Please do not include real AWS credentials, production SNS payloads, or
other sensitive data in a report; a minimal, sanitized reproduction is more
useful to us anyway.

## Supported versions

SquatchMail is pre-1.0. Until a 1.0 release, only the latest published
version receives security fixes.

## Dashboard access control

SquatchMail's dashboard ships **refuse-by-default** outside of the three
supported access-control layers (host-owned auth, HTTP Basic Auth, or an
explicit `allow_unauthenticated: true` opt-in). See the "Security" section of
[`README.md`](README.md) and the `SquatchMail.Web.Router` module docs for the
full model. If you find a request path that bypasses all three layers,
that's a vulnerability — please report it as above.

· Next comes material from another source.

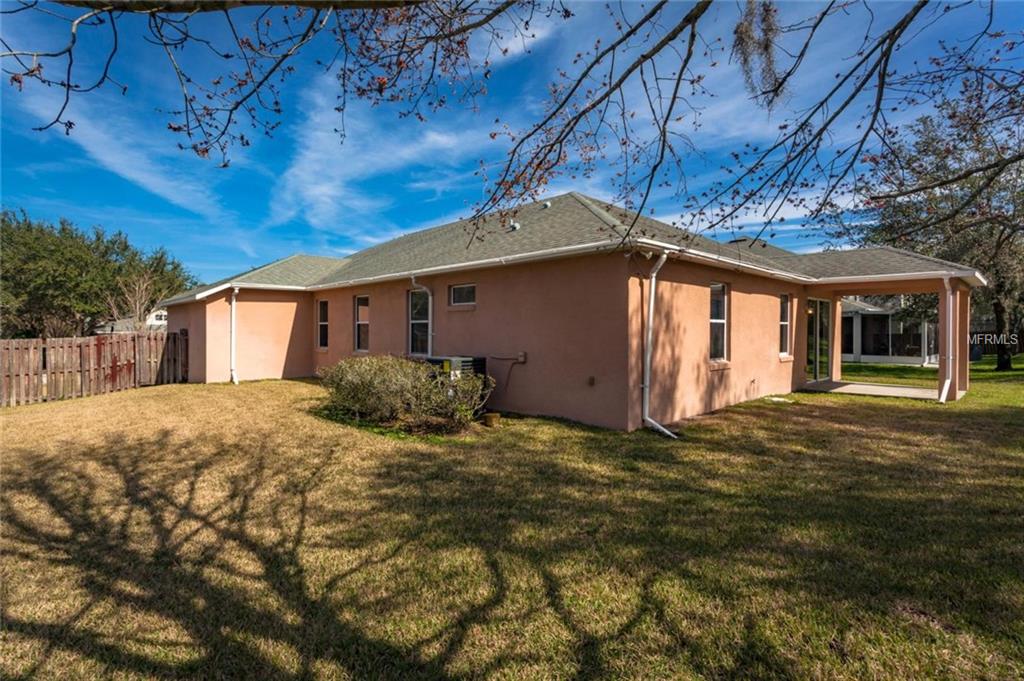 40 WEKIVA POINTE CIRCLE, APOPKA, Florida 32712, 3 Bedrooms Bedrooms, 8 Rooms Rooms,2 BathroomsBathrooms,Residential,For sale,WEKIVA POINTE,A4209759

## SNS webhook authenticity

The inbound `POST .../webhooks/sns/:token` route is a machine-to-machine
endpoint authenticated by two independent mechanisms: a random per-source
token in the URL path, and hand-rolled SNS message signature verification
(against `:public_key`/`:httpc`, deliberately not a third-party dependency)
performed before any payload is trusted. If you find a payload that's
accepted despite a missing or invalid signature, or a signature-verification
bypass, please report it as above rather than filing a public issue.

## Credentials at rest

AWS credentials for SES/SNS provisioning default to `credentials_mode:
"ambient"` (read from the environment; nothing touches the database). If a
host opts into `credentials_mode: "static"`, `access_key_id` and
`secret_access_key` are currently stored as plaintext columns on the
`sources` table — this is a known, tracked gap (see the `# TODO: encrypt at
rest` comment in `SquatchMail.Source`), not a surprise we're hiding. Prefer
ambient credentials until encryption-at-rest lands. This is tracked as
regular project work, not a vulnerability report — see `FEATURES.md`'s parity
checklist for status.

## Dependency posture

SquatchMail deliberately keeps its dependency surface small (`ecto_sql`,
`phoenix`/`phoenix_live_view`, `plug`, `telemetry`, `aws`, `finch`) and avoids
pulling in additional third-party packages to do security-sensitive work like
SNS signature verification or AWS credential-chain resolution — see
`CLAUDE.md` for the reasoning. If you believe one of our dependencies has a
disclosed vulnerability that affects SquatchMail, please still report it
through the channel above so we can assess and patch on our own timeline
rather than waiting on a transitive update.